Getting error while pretraining with base corpus ( not wiki103 )

faysalhossain2007 · August 15, 2018, 10:27pm

I want to test the performance of the model and using my base corpus as pretrained model. But I dont have the pretrained model that I can use in the finetune process. That’s why want to create a pretrained model using the code. But getting the following error:

Traceback (most recent call last):                                                                                                       | 0/68 [00:00<?, ?it/s]
  File "pretrain_lm.py", line 53, in <module>
    if __name__ == '__main__': fire.Fire(train_lm)
  File "/zf18/fs5ve/.conda/envs/fastai/lib/python3.6/site-packages/fire/core.py", line 127, in Fire
    component_trace = _Fire(component, args, context, name)
  File "/zf18/fs5ve/.conda/envs/fastai/lib/python3.6/site-packages/fire/core.py", line 366, in _Fire
    component, remaining_args)
  File "/zf18/fs5ve/.conda/envs/fastai/lib/python3.6/site-packages/fire/core.py", line 542, in _CallCallable
    result = fn(*varargs, **kwargs)
  File "pretrain_lm.py", line 49, in train_lm
    learner.fit(lrs, 1, wds=wd, use_clr=(32,10), cycle_len=cl)
  File "/zf18/fs5ve/.conda/envs/fastai/lib/python3.6/site-packages/fastai/learner.py", line 287, in fit
    return self.fit_gen(self.model, self.data, layer_opt, n_cycle, **kwargs)
  File "/zf18/fs5ve/.conda/envs/fastai/lib/python3.6/site-packages/fastai/learner.py", line 234, in fit_gen
    swa_eval_freq=swa_eval_freq, **kwargs)
  File "/zf18/fs5ve/.conda/envs/fastai/lib/python3.6/site-packages/fastai/model.py", line 129, in fit
    loss = model_stepper.step(V(x),V(y), epoch)
  File "/zf18/fs5ve/.conda/envs/fastai/lib/python3.6/site-packages/fastai/model.py", line 52, in step
    loss = raw_loss = self.crit(output, y)
  File "/zf18/fs5ve/.conda/envs/fastai/lib/python3.6/site-packages/torch/nn/modules/module.py", line 357, in __call__
    result = self.forward(*input, **kwargs)
  File "/localtmp/fs5ve/fastai/courses/dl2/imdb_scripts/sampled_sm.py", line 81, in forward
    if self.sampled: return self.sampled_softmax(input, target)
  File "/localtmp/fs5ve/fastai/courses/dl2/imdb_scripts/sampled_sm.py", line 69, in sampled_softmax
    idxs = V(self.get_rand_idxs())
  File "/localtmp/fs5ve/fastai/courses/dl2/imdb_scripts/sampled_sm.py", line 66, in get_rand_idxs
    def get_rand_idxs(self): return pt_sample(self.prs, self.n_neg)
  File "/localtmp/fs5ve/fastai/courses/dl2/imdb_scripts/sampled_sm.py", line 54, in pt_sample
    return torch.topk(w, ns, largest=False)[1]
RuntimeError: invalid argument 5: k not in range for dimension at /opt/conda/conda-bld/pytorch_1518244421288/work/torch/lib/THC/generic/THCTensorTopK.cu:21

jairus · September 11, 2018, 2:46am

I’m having this same issue!

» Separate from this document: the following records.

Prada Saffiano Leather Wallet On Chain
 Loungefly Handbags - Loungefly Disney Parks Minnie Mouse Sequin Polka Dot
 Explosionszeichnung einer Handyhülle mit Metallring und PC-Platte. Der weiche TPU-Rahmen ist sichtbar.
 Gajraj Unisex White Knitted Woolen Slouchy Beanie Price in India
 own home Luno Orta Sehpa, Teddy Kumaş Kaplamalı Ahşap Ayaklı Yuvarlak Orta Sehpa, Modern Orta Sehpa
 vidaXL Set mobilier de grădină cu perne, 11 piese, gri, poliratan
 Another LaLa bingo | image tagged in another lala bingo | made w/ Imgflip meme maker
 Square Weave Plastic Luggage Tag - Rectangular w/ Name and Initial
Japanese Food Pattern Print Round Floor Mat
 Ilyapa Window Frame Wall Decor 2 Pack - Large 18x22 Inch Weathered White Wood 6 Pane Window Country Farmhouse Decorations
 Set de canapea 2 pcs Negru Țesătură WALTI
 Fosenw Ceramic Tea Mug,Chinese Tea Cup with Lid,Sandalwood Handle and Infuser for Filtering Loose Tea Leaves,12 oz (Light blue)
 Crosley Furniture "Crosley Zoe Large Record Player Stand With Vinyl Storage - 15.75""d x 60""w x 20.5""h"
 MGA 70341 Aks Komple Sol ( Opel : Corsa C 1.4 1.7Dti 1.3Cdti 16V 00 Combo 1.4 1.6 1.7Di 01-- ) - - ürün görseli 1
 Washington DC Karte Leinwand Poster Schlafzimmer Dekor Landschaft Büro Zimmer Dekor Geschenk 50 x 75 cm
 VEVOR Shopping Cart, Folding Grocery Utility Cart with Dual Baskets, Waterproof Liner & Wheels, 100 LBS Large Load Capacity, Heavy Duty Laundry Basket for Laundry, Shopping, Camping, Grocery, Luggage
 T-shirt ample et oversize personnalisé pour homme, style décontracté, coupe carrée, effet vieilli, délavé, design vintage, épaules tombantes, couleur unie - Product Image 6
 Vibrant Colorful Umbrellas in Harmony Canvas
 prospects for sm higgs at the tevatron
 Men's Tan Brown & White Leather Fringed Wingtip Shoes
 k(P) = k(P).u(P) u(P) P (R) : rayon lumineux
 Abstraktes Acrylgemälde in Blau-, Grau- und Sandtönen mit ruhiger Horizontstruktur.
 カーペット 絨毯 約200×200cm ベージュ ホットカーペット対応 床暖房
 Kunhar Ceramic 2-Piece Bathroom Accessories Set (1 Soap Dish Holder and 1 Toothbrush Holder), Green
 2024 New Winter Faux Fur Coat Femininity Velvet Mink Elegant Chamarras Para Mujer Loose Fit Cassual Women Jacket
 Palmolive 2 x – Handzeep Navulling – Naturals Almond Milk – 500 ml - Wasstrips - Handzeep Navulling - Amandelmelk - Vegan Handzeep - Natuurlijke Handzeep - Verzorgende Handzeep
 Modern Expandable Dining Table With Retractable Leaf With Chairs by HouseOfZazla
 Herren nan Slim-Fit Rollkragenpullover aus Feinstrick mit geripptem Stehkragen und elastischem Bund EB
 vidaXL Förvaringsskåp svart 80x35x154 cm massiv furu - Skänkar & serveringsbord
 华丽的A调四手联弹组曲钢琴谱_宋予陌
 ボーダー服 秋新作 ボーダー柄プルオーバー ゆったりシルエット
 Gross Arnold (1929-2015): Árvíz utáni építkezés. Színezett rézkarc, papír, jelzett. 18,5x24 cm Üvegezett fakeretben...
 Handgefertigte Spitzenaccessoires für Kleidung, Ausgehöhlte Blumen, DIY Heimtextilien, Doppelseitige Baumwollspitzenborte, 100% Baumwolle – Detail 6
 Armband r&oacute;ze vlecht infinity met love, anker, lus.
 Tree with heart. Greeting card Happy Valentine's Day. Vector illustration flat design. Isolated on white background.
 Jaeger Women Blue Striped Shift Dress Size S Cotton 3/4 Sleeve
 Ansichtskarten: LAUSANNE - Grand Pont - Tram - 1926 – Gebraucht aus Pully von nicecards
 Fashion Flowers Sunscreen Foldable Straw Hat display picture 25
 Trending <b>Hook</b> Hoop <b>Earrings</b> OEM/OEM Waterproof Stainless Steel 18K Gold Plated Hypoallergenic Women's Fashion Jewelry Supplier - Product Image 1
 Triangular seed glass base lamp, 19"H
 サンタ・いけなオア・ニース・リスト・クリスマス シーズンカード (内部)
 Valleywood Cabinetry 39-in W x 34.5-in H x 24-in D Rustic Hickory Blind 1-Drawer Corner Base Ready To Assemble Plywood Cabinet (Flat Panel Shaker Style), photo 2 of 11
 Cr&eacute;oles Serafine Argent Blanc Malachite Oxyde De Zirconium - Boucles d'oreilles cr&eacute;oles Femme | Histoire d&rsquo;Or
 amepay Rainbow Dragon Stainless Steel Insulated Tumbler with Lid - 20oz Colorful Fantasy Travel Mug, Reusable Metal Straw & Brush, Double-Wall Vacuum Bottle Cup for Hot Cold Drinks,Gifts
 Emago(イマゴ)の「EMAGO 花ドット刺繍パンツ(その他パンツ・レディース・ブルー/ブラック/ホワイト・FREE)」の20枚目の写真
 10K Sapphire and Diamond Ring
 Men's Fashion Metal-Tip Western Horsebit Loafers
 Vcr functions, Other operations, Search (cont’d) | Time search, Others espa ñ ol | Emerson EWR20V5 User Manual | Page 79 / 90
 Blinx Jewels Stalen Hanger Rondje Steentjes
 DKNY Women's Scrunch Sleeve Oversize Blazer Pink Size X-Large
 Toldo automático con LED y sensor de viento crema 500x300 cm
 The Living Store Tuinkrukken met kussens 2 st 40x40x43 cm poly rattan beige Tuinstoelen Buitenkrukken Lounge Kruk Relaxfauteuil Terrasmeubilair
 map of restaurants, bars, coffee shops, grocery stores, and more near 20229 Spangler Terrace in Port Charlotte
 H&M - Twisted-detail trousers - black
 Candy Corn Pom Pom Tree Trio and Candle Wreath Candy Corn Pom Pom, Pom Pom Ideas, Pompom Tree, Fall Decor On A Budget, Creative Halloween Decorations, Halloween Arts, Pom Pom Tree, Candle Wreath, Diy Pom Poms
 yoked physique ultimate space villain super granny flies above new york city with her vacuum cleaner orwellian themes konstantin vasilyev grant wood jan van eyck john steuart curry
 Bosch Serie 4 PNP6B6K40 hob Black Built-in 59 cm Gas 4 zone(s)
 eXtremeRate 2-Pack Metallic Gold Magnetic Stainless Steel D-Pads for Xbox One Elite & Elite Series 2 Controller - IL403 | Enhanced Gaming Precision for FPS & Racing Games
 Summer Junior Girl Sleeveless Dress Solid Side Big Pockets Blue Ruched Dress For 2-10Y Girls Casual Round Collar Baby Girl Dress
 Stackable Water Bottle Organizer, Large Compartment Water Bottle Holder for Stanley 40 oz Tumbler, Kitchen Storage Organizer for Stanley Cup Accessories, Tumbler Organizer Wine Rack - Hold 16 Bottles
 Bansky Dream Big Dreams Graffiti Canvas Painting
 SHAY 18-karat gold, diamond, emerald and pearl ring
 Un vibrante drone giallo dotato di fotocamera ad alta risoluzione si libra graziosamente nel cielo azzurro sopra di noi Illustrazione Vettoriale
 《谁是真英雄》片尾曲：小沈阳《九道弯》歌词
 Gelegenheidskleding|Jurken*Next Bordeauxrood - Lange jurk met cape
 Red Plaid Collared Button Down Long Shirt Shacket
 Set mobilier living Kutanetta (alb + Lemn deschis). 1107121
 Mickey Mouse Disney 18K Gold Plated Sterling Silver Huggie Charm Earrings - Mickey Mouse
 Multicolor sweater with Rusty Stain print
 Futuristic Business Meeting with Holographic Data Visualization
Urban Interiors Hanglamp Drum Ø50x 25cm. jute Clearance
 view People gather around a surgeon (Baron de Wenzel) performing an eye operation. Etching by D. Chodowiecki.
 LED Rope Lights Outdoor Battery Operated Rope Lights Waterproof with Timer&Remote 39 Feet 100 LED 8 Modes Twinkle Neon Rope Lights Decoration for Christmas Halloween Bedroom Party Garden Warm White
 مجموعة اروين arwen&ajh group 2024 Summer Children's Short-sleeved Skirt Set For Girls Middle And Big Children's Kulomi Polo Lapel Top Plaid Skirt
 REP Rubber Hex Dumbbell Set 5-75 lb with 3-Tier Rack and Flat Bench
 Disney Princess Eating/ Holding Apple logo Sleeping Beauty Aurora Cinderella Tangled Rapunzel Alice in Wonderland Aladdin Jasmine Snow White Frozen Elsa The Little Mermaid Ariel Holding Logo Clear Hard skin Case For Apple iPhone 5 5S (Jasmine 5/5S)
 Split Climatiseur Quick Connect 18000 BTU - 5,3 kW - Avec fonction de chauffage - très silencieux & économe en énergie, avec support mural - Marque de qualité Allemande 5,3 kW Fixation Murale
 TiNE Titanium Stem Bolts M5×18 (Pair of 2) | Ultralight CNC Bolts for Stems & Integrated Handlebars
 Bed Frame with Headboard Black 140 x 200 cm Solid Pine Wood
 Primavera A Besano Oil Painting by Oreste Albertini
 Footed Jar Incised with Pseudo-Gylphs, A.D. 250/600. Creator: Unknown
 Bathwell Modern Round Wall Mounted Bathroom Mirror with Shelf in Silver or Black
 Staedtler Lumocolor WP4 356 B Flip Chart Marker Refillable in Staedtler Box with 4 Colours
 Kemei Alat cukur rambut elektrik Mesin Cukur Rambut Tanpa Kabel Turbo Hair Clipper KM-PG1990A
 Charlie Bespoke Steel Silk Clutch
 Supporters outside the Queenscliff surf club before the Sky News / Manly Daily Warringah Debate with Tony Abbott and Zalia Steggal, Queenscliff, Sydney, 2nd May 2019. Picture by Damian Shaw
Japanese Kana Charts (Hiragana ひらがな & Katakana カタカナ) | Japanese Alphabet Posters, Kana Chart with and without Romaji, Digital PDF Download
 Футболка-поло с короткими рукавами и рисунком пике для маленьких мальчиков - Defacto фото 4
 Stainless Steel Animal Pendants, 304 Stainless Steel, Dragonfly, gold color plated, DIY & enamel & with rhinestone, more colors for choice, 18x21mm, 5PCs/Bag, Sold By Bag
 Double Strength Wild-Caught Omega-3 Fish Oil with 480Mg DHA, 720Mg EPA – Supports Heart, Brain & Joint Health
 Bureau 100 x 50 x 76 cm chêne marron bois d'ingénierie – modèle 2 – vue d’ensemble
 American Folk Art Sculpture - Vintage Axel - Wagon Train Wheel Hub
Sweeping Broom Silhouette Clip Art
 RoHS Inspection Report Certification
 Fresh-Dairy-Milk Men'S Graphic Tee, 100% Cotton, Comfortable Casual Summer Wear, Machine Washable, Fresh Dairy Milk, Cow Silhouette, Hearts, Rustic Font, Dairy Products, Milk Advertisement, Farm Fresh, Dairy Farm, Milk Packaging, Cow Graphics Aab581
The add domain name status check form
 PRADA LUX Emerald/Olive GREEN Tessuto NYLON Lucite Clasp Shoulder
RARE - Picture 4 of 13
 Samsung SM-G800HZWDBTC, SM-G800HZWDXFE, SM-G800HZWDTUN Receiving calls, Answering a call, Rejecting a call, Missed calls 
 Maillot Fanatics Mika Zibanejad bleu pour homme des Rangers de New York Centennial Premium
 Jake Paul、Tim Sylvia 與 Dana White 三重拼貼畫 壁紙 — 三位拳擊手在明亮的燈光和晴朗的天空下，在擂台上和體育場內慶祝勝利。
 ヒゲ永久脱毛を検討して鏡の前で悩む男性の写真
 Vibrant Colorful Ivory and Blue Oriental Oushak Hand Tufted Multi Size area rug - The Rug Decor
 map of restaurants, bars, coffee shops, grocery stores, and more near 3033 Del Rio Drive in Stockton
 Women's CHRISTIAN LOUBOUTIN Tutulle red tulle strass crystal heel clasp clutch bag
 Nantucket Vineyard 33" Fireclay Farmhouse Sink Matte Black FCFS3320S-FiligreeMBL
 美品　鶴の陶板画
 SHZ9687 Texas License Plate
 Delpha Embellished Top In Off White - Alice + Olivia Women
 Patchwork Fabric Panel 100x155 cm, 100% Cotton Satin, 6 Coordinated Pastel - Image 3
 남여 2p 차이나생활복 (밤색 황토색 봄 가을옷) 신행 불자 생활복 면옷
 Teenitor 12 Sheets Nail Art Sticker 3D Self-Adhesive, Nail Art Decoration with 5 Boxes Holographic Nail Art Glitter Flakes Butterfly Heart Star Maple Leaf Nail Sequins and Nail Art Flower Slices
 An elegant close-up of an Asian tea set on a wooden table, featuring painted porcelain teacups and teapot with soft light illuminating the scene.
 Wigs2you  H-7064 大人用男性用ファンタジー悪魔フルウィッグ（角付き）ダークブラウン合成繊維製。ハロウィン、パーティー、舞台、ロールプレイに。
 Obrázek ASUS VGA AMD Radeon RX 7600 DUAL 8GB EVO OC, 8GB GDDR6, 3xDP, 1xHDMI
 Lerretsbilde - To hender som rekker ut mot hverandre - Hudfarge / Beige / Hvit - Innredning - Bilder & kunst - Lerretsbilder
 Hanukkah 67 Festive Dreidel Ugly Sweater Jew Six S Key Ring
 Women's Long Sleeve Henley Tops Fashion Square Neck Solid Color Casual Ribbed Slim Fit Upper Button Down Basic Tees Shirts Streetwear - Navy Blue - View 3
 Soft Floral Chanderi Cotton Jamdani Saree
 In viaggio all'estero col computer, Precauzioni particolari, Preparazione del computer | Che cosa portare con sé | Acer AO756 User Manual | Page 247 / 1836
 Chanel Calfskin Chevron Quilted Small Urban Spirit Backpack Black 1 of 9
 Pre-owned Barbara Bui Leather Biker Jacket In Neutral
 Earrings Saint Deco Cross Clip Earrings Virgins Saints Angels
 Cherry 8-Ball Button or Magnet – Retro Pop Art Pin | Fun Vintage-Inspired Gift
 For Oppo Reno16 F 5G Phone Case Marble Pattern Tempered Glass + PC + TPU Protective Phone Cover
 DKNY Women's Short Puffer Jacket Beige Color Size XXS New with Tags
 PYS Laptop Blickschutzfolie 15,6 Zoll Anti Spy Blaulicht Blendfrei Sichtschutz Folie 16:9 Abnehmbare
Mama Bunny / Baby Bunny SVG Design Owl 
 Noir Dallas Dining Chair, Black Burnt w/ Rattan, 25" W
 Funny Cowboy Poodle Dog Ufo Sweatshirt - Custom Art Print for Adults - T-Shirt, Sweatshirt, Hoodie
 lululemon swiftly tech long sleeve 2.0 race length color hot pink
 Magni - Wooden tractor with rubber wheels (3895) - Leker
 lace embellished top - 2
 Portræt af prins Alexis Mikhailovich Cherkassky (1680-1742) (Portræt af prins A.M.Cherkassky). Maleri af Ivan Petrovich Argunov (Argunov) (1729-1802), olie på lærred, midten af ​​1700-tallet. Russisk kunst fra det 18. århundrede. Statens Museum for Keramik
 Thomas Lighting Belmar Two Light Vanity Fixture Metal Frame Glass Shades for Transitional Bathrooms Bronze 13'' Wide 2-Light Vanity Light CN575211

Could somebody step in and help us out?

jairus · September 11, 2018, 3:38am

I found that by increasing my corpus size or by editing sampled_sm.py line 52 by replacing “ns” with a smaller number(10) it started to work. However, I would definitely recommend the corpus size. I believe this has something to do with beam sizes.